= Beginning of Section =

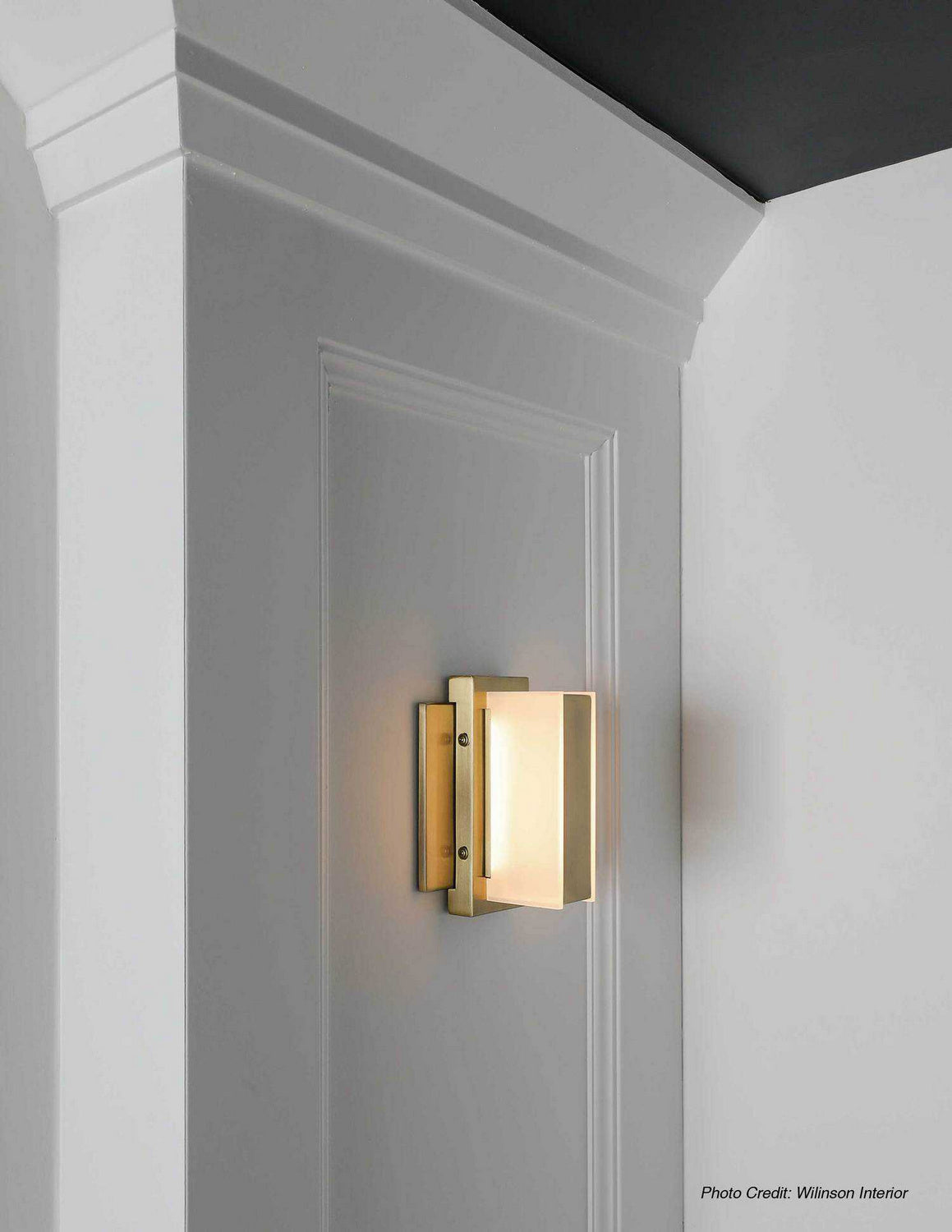 Dainolite Ltd - VLD-215-1W-GLD - LED Vanity Fixture - Aged Brass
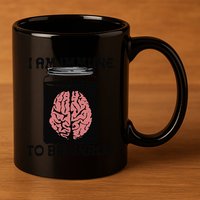 I Am Immune To Brainrot 11oz C Handle Ceramic Mug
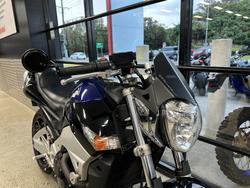 2006 Suzuki GSR600 BLUE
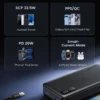 UGREEN 20000mAh 20W Two-way Fast Charging Power Bank – PB312 – 25683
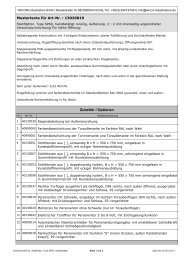 Mustertexte (PDF) - WICON Industrietore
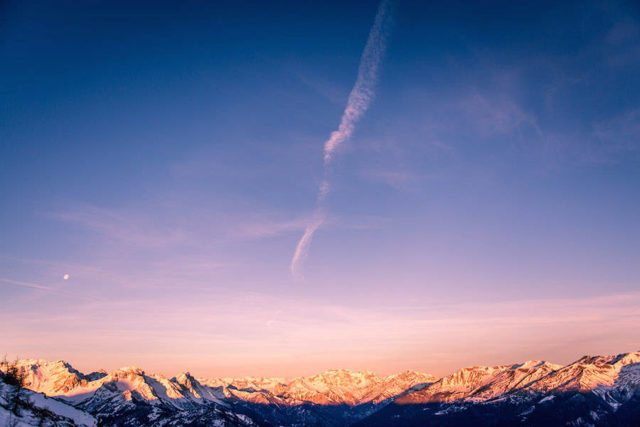 Mountainscapes by Paolo Pettigiani sunrise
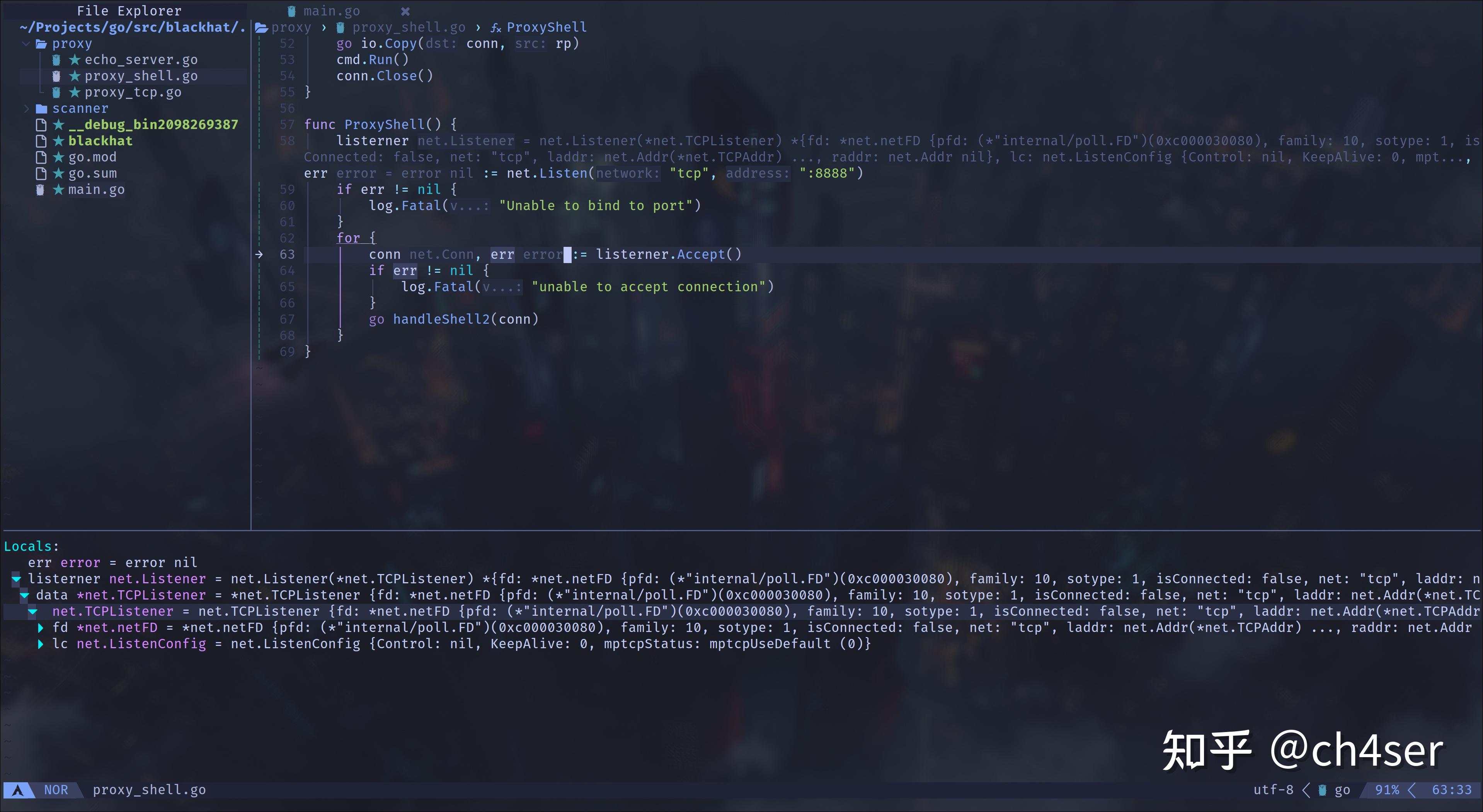  neovim 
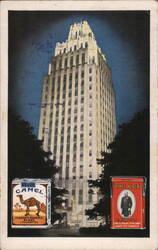 R. J. Reynolds Tobacco Company Building, Winston-Salem, NC Postcard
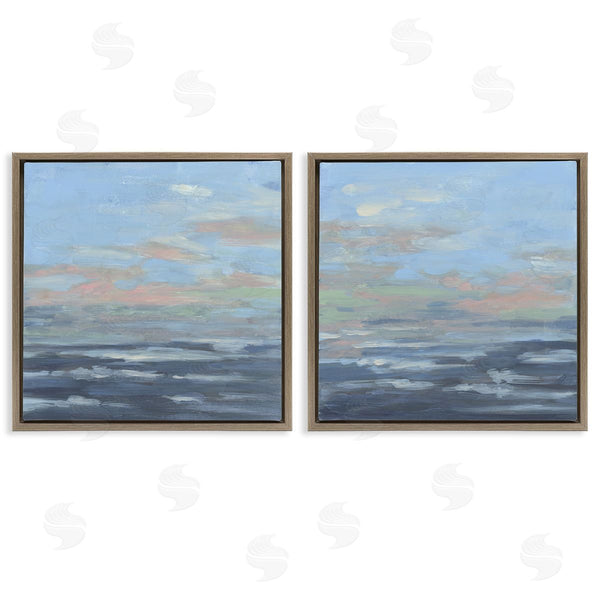 Stupell Industries June Erica Vess | Abstract Ocean Romance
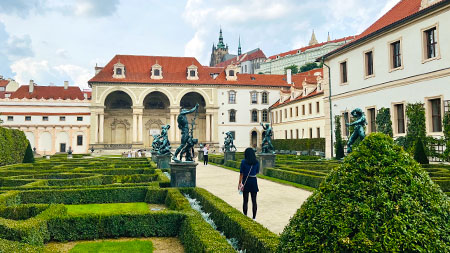 Wallenstein-Garten / Valdštejnská zahrada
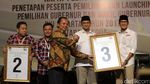 Ahok-Djarot dan Anies-Sandi Maju ke Putaran Dua Pilgub DKI
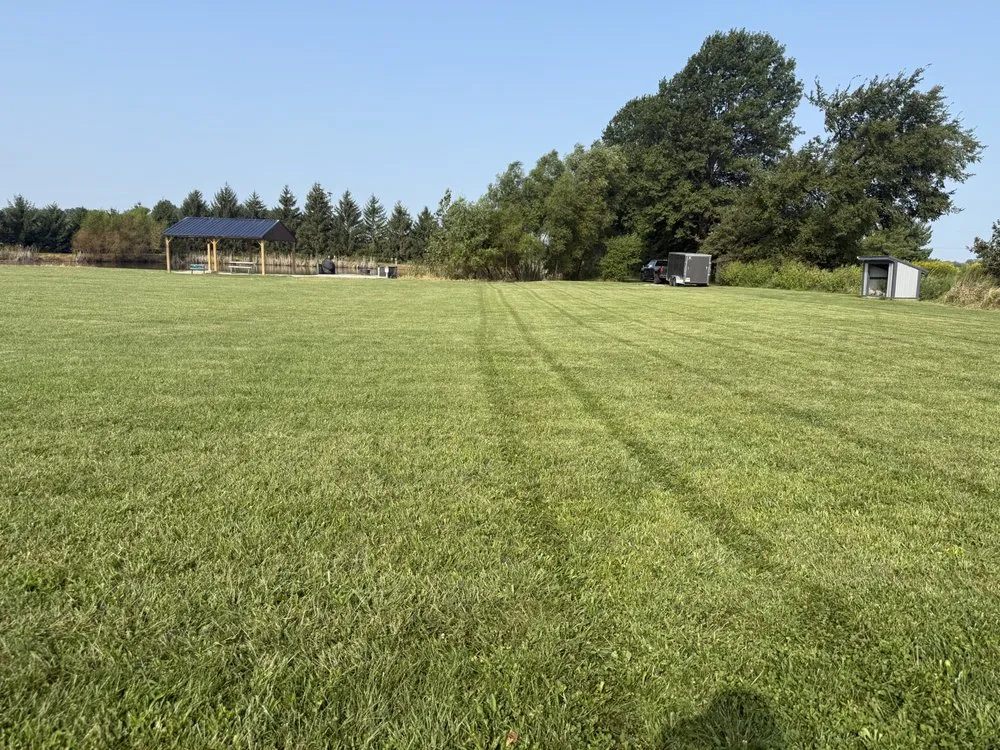 Professional yard cleanup service for outdoor upgrades across Kenton, OH - King Outdoor Solutions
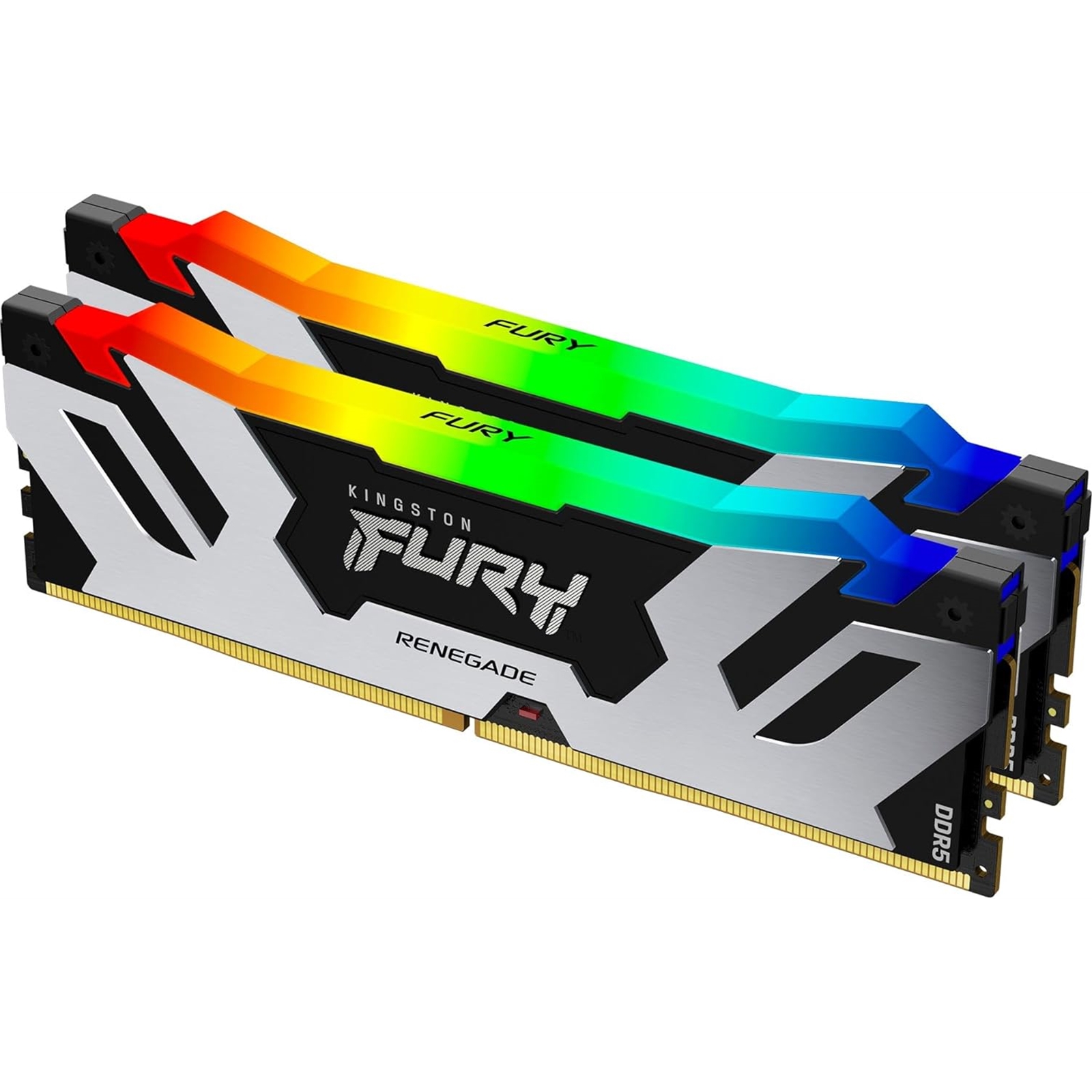 (image for) Kingston FURY Renegade KF572C38RSAK2-32 32GB (2x16GB) RGB System Memory, 7200MT/s, DDR5, CL38, DIMM, AMD EXPO Certified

= End of Section =

● **ACTIVITY**: What you return should match the material word for word, apart from the pictures.

● **ANSWER FOR THIS EXERCISE**:
 Dainolite Ltd - VLD-215-1W-GLD - LED Vanity Fixture - Aged Brass
 I Am Immune To Brainrot 11oz C Handle Ceramic Mug
 2006 Suzuki GSR600 BLUE
 UGREEN 20000mAh 20W Two-way Fast Charging Power Bank – PB312 – 25683
 Mustertexte (PDF) - WICON Industrietore
 Mountainscapes by Paolo Pettigiani sunrise
  neovim 
 R. J. Reynolds Tobacco Company Building, Winston-Salem, NC Postcard
 Stupell Industries June Erica Vess | Abstract Ocean Romance
 Wallenstein-Garten / Valdštejnská zahrada
 Ahok-Djarot dan Anies-Sandi Maju ke Putaran Dua Pilgub DKI
 Professional yard cleanup service for outdoor upgrades across Kenton, OH - King Outdoor Solutions
 (image for) Kingston FURY Renegade KF572C38RSAK2-32 32GB (2x16GB) RGB System Memory, 7200MT/s, DDR5, CL38, DIMM, AMD EXPO Certified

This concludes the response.